[Records from a dataset]
---

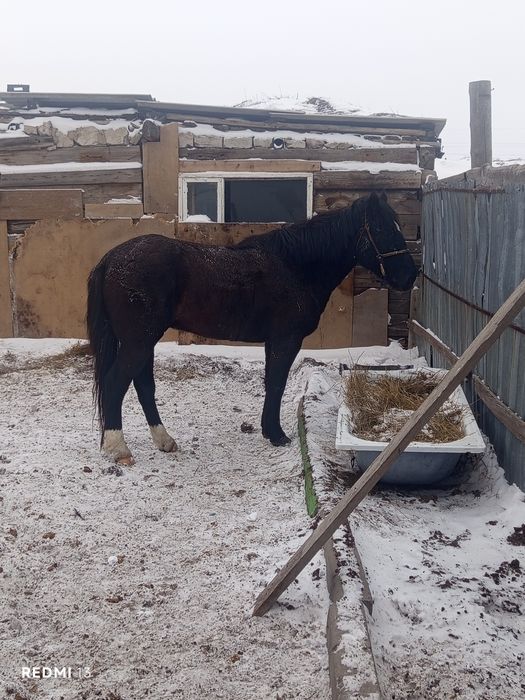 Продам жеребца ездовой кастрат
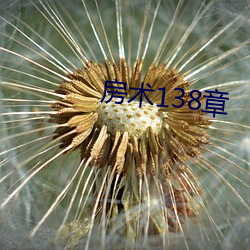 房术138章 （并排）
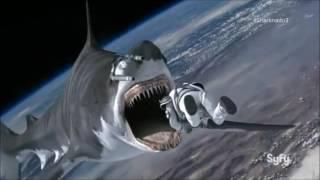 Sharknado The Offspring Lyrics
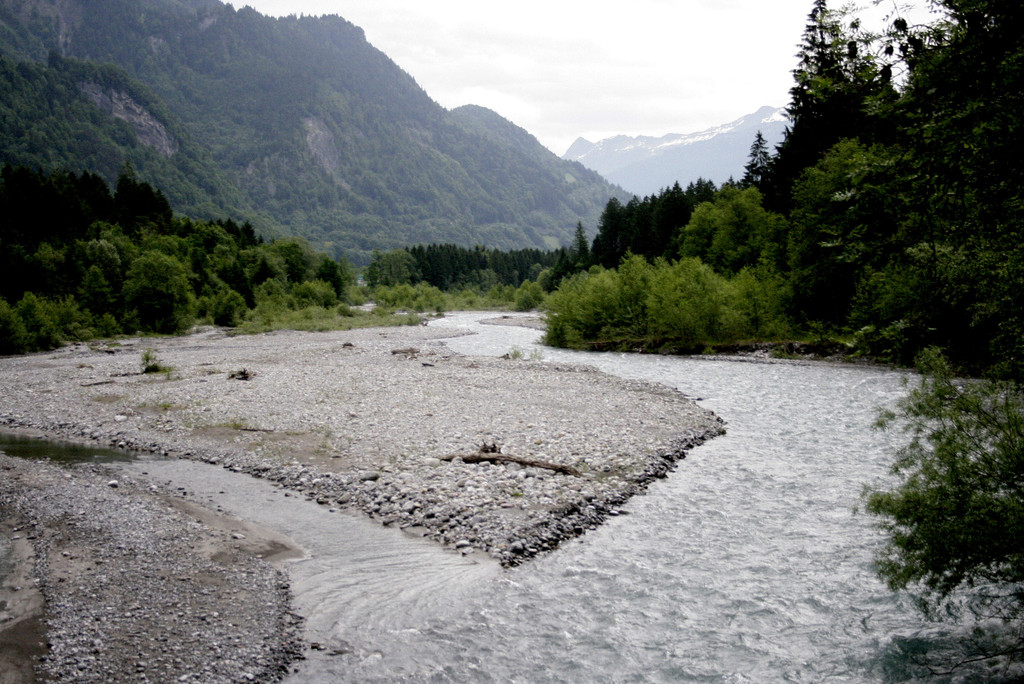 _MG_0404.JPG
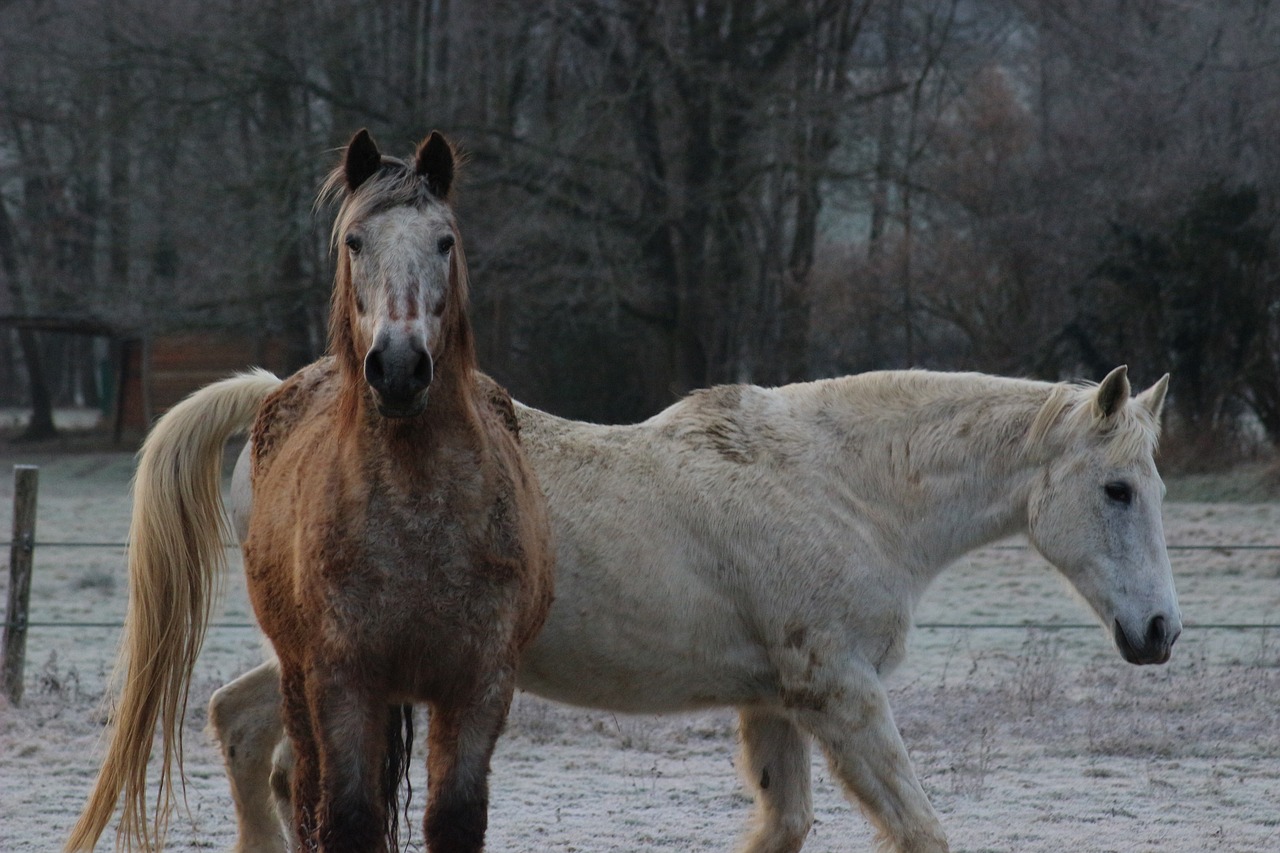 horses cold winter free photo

---

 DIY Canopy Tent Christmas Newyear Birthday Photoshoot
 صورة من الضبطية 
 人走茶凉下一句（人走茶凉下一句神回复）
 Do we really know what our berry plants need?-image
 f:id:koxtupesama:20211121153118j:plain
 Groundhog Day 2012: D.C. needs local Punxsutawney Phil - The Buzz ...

---

**What is required:**
After locating the line containing "Продам жеребца ездовой кастрат" in the entries above, return it and every line after it exactly, ending at the line containing "horses cold winter free photo", without pictures.

**Answer area:**
 Продам жеребца ездовой кастрат
 房术138章 （并排）
 Sharknado The Offspring Lyrics
 _MG_0404.JPG
 horses cold winter free photo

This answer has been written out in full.